South Africa also provides many raw materials, such as coal, lithium, nickel, cobalt, graphite and copper, on which Germany depends. Some of these raw materials can also be found in other SADC countries.
Germany is a leading centre of technologically advanced equipment, and its economy can only benefit from these raw materials, adds Zarske, noting that the South African mining industry, for example, relies on leading technology to remain competitive in the market.
He says the CCMR aims to provide opportunities for South African and German companies to collaborate and grow. The organisation has many German member companies that seek to invest in the local mining sector, and they interact with local companies in the mining industry that are looking for investment and partnerships.

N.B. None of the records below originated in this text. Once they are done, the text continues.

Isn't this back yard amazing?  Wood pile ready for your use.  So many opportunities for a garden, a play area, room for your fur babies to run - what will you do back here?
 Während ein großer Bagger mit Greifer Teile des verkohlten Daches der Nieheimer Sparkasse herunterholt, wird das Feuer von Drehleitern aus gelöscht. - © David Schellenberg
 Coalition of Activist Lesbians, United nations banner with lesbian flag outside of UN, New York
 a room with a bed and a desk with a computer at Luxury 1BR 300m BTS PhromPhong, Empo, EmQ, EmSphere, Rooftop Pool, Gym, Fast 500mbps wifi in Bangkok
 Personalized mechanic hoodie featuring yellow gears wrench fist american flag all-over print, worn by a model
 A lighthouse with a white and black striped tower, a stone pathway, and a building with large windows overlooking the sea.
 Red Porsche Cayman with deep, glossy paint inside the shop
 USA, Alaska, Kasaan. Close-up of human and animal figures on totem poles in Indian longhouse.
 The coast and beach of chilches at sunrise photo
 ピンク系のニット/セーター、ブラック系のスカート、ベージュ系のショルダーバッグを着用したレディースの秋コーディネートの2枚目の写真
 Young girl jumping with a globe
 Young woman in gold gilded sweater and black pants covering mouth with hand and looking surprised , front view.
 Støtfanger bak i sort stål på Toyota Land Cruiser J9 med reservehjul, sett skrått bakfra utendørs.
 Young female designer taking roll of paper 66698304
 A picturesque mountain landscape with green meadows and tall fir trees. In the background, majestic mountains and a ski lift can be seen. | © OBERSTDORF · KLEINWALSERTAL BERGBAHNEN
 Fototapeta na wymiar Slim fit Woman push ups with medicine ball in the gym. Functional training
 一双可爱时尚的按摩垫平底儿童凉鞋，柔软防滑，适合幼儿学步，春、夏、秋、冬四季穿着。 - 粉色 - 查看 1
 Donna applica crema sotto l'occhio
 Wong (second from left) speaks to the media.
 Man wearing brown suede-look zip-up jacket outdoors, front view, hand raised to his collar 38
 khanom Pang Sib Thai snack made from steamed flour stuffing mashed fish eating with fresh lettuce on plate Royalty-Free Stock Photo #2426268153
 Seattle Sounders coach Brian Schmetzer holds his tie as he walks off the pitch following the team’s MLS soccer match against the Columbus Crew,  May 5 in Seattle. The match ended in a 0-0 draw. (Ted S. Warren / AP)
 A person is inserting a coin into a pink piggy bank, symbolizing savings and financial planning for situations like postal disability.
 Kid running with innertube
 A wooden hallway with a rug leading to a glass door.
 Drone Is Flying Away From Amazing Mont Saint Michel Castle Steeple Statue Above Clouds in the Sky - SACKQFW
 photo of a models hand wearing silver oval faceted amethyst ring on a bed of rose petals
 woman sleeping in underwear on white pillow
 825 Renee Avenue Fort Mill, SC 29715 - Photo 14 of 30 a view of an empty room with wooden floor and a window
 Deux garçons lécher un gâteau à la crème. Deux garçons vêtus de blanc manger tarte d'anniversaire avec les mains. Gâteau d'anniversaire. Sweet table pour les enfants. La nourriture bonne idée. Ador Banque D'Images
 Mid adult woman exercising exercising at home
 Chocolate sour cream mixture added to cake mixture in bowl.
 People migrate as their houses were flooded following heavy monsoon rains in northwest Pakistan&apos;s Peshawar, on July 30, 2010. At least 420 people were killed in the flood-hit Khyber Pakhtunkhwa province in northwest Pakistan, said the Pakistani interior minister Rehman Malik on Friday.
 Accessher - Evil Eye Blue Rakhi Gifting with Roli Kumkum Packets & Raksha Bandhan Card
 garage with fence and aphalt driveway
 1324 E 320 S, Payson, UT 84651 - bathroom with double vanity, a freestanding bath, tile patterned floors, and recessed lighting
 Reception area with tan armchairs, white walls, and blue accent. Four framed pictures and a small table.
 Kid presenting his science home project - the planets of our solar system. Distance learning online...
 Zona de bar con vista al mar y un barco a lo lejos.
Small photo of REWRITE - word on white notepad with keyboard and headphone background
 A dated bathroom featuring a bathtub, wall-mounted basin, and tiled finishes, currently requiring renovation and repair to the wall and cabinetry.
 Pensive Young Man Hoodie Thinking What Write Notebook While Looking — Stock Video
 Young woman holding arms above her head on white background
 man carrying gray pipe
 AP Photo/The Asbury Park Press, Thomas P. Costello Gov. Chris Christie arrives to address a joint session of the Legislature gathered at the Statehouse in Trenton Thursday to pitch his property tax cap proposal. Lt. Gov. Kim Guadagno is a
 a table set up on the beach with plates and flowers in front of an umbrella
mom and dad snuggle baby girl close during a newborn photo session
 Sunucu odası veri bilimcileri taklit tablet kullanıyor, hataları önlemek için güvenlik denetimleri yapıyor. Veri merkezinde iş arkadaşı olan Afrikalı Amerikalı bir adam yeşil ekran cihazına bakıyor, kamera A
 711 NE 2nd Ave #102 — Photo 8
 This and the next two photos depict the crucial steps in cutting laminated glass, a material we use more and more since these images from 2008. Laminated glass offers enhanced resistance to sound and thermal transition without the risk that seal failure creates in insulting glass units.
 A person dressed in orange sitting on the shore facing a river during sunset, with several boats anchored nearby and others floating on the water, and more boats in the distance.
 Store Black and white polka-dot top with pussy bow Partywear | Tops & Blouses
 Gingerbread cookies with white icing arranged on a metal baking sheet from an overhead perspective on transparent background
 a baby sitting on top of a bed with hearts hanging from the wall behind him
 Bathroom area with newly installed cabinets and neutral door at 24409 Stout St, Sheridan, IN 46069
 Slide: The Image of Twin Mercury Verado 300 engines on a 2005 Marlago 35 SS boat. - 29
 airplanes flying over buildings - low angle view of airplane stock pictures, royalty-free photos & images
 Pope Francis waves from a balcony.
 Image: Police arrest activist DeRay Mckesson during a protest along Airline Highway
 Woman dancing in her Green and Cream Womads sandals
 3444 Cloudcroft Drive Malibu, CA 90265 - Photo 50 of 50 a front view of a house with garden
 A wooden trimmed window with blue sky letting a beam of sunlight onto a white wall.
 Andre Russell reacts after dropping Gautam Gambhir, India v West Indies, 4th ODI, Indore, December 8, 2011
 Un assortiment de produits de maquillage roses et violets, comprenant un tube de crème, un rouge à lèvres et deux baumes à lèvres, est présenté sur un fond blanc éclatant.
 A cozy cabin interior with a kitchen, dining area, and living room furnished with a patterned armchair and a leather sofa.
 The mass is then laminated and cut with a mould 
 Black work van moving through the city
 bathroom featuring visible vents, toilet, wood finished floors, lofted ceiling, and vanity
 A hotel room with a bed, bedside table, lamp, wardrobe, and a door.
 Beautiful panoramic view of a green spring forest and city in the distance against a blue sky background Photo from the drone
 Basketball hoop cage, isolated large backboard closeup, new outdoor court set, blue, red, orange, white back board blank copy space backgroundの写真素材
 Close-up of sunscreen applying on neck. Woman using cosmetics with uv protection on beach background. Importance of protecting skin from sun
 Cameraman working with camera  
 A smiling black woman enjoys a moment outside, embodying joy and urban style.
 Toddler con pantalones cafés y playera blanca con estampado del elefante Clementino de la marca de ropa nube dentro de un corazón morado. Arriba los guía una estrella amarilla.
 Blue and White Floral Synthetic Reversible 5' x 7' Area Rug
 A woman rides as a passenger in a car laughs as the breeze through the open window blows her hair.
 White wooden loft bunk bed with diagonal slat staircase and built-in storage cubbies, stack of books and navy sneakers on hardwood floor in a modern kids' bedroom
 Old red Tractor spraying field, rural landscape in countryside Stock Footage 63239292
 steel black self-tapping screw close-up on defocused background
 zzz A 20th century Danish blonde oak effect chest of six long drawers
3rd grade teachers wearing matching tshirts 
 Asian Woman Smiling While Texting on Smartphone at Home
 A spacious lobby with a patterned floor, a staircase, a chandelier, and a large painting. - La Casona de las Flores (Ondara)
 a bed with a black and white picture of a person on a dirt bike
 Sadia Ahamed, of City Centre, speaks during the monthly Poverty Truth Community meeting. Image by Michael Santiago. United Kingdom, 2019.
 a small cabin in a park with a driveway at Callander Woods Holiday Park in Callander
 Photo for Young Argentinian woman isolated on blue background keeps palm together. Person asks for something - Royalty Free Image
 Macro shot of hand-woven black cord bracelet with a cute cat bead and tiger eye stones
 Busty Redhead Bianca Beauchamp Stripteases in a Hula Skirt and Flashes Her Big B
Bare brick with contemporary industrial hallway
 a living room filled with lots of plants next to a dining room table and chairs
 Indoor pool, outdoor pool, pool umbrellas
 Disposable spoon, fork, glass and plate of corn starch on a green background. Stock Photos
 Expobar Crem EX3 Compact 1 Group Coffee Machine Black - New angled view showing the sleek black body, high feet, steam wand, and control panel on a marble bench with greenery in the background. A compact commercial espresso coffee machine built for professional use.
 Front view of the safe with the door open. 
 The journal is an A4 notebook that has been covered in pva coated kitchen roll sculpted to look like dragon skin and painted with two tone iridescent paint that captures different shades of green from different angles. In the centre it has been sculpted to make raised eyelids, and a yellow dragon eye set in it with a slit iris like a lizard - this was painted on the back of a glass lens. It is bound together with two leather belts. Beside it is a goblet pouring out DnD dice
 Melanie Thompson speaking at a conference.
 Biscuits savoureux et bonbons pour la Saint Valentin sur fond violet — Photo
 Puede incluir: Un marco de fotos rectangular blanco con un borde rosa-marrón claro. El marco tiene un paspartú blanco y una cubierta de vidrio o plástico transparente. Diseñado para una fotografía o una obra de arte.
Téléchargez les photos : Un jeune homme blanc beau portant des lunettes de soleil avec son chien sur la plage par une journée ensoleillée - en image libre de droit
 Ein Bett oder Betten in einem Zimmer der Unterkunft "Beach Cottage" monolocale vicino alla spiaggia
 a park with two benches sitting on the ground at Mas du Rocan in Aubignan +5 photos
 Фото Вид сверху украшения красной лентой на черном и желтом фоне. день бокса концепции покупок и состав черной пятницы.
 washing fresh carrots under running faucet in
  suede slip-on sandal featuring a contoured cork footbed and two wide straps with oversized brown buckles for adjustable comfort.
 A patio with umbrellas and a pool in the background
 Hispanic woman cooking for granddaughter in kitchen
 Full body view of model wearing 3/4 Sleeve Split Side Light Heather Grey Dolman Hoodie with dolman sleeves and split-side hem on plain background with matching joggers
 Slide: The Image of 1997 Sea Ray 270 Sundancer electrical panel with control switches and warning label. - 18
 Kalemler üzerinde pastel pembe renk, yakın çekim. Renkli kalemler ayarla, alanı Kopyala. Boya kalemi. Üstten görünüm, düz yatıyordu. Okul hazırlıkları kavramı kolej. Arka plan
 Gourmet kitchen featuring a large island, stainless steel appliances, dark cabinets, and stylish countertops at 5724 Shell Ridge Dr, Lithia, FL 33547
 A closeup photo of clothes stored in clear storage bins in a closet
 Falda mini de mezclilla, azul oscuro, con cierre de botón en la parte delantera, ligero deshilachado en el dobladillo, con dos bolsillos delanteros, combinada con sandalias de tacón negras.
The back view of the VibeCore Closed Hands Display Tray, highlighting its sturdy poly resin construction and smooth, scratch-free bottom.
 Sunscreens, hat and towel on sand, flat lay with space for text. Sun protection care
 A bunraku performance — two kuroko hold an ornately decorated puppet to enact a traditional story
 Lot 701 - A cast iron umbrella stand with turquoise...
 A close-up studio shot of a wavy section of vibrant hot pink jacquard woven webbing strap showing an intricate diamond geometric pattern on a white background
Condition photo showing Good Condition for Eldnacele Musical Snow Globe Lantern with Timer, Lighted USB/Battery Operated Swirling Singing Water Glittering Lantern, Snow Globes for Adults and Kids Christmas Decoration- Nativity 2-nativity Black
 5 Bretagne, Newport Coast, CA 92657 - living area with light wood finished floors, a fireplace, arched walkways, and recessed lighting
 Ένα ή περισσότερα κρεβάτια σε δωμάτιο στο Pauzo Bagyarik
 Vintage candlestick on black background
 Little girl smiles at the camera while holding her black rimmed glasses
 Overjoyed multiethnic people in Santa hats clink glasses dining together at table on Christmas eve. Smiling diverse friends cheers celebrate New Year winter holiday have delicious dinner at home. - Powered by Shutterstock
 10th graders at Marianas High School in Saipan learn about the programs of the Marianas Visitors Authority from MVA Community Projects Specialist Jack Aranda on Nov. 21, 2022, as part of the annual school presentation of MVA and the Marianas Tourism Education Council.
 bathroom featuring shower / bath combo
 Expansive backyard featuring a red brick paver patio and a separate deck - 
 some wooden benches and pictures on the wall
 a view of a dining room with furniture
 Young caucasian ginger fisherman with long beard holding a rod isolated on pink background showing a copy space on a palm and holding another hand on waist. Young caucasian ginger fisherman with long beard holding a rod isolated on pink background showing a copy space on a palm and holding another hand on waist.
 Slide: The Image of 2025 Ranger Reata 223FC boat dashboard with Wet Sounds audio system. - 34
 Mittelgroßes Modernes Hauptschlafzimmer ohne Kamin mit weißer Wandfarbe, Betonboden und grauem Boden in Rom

This collaboration also includes partnerships with universities and other similar educational organisations.
“We have an extensive network in the SADC region, so we are always up to date about the latest projects and we know where the ideal areas are to invest in. With this kind of information, we are going to Germany to promote the region for investment.”
Zarske emphasises the uniqueness of South Africa’s mining conditions compared with other countries, such as Australia, which has a significantly more automated mining sector.
In South Africa, however, job creation is regarded as more of a priority to automating processes such as those used in the mining industry.
Consequently, the CCMR needs to ensure that technology from Germany is not replacing the employment of South Africans.
However, more complex technology also requires educating and upskilling people.
“You can have new technology only if you are able to use it, and that’s why education plays such a vital role. Transferring knowledge and technology from Germany also means educating people in South Africa.”
A significant milestone that the CCMR has achieved since it started operating in South Africa is the establishment of a network of mining-related partners and institutions, Zarske highlights.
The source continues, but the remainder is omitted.